Martin Luther King Jnr

“A big danger for us is to follow the people we are opposing. Let us not try to put ourselves into one all-inclusive category – the virtuous ones against the evil ones, or the decent ones against the malicious, prejudiced ones, or the well-educated against the ignorant. You can see that I can go on and on – and there is the danger; the ‘us’ or ‘them’ mentality takes hold and we do, actually, begin to run the risk of joining ranks with the very people we are opposing”

 
Oh, truer words have never been spoken! This describes me and my crusades against the ignorant of the world. And yet how can I not crusade, when all around me those who hate and fear coloured people or women are the ones in power, the ones with the platform, the money, the attention. And yet how much more reason did MLK Jnr have to do this! He was killed for it! I am guilty of this crime, of joining ranks with those I oppose. My only recourse is to do what Jesus did, and bless them, pray for them. But how can I when I would be praying for and blessing the ones who blame the victim of rape, not the rapist? The ones who justify domestic violence? The ones who call others black dogs in traffic jams?

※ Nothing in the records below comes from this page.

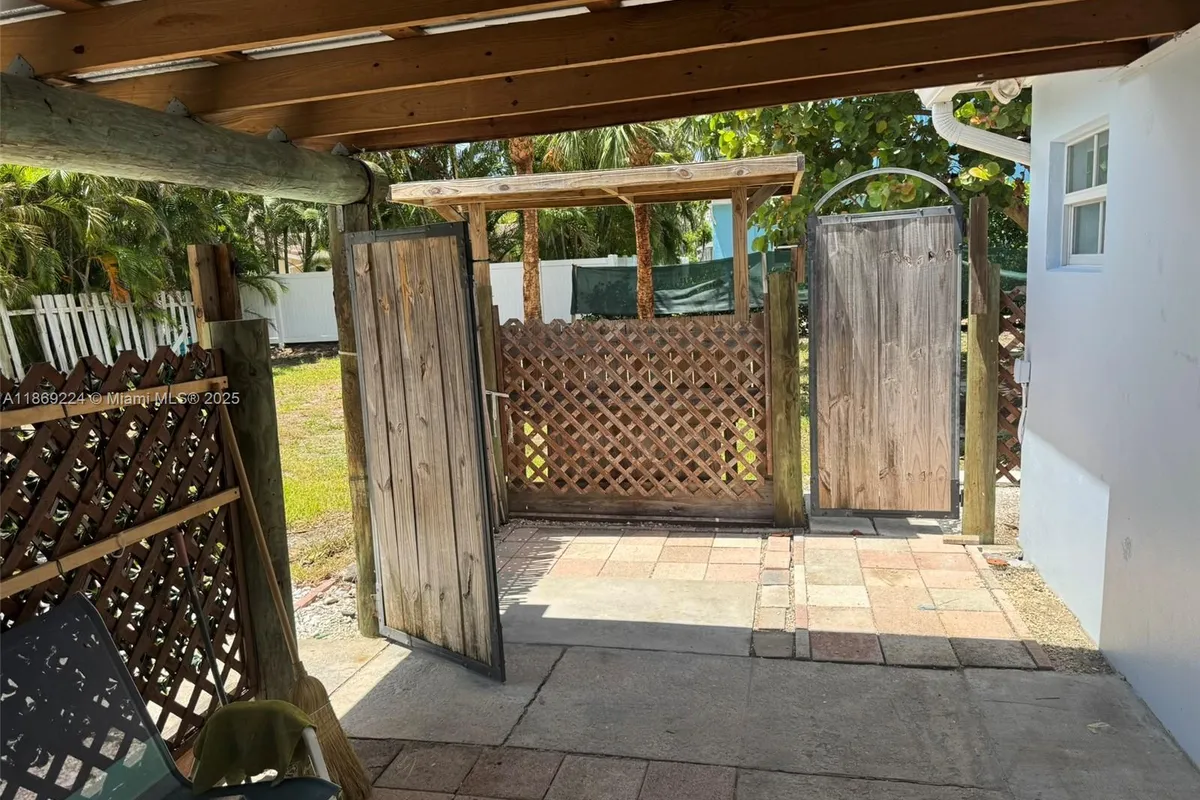 121 Linda Ln, Palm Beach Shores FL 33404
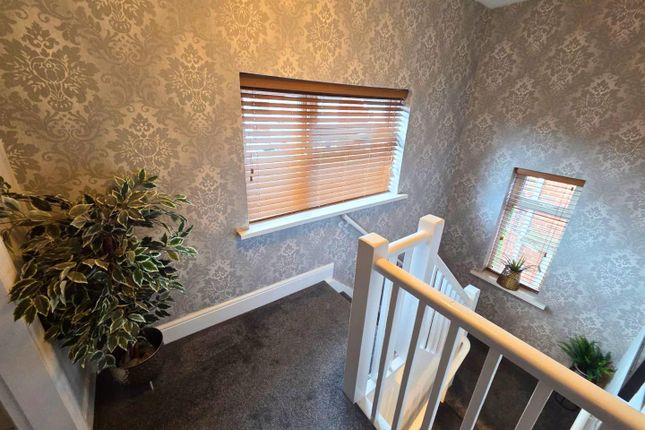 6, Larch Road, Newark photo 5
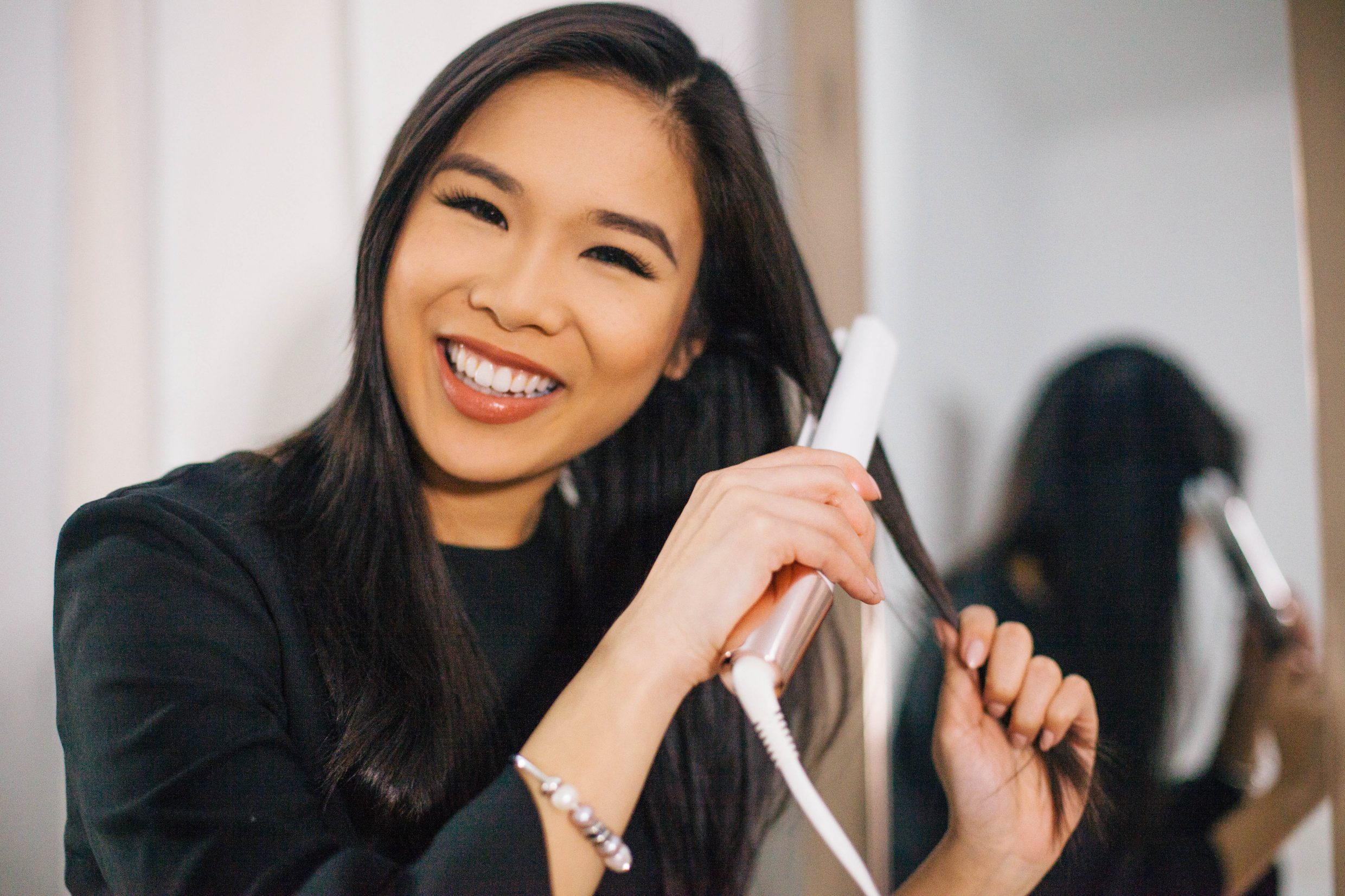 Blogger Hoang-Kim straightens her hair with the T3 SinglePass Luxe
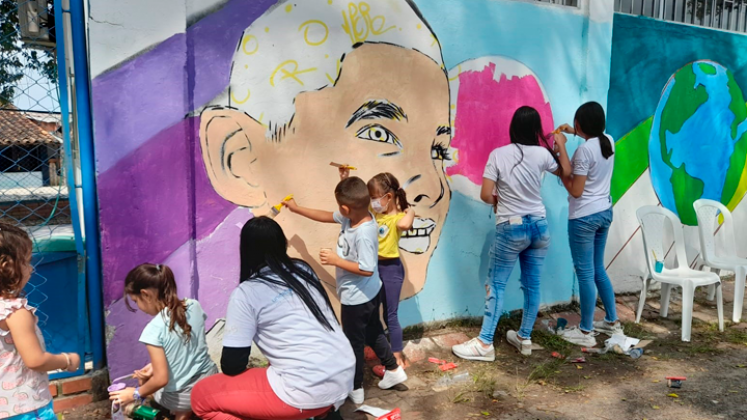 Entre todos pintaron y dieron vida al mural. 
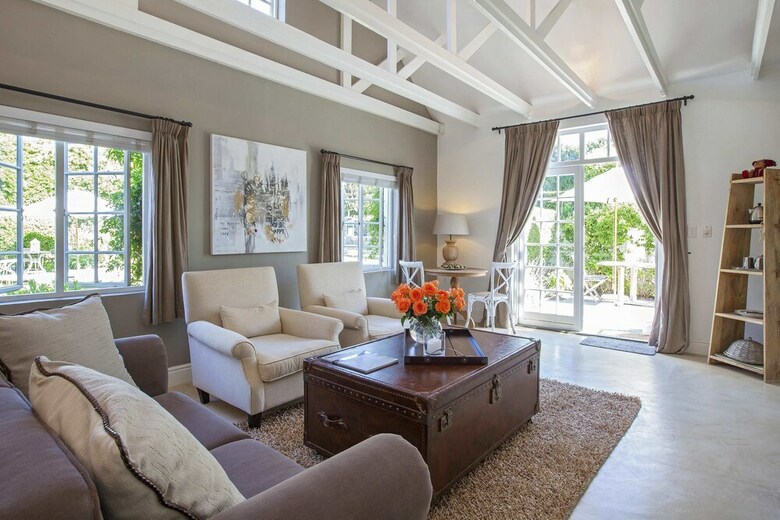 Bed & Breakfast 14 On Klein Constantia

And yet it is my only option, if I am not to become just like them. Even my use of the word ‘them’ means that I have categorised them. We are the same.

 

“I belong, with Robert Coles, to a privileged minority. How do we, the privileged ones, act as stewards of the grace we have received? We can begin by ripping off the labels we so thoughtlessly slap on others, we can begin by finding a community that nourishes compassion for the weak, and instinct that privilege tens to suppress. We can begin with humility and gratitude and reverence, and then move on to pray without ceasing for the greater gift of love.”

 

MLK Jnr  “I have begun to realise how hard it is for a lot of people to think of living without someone to look down upon, really look down upon. It is not just that they will feel cheated out of someone to hate; it is that they will be compelled to look more closely at themselves, at what they don’t like in themselves, at what they don’t like in themselves. My heart goes out to people I hear called rednecks; they have little, if anything, and hate is a possession they can still call upon reliably, and it works for them. I have less charity in my heart for well to-do and well-educated people – for their snide comments, cleverly rationalised ones, for the way they mobilise their political and even moral justifications to suit their own purposes. No one calls them into account. Someday all of us will see that when we start going after a race or a religion, a type, a region, a section of the Lord’s humanity – then we’re cutting into His heart and we’re bleeding badly ourselves.”

 

The power of literature;

“Literature has its own power that takes over; novels pay respect to the mystery and manners of individual human beings. The novelists are not interested in theory, or in turning their brains into godlike pontifical organs. Instead they evoke and render complexity, irony, ambiguity, paradox. They discover, and acknowledge, that each person is a separate finite mystery, not something that can be contained in one category or another.”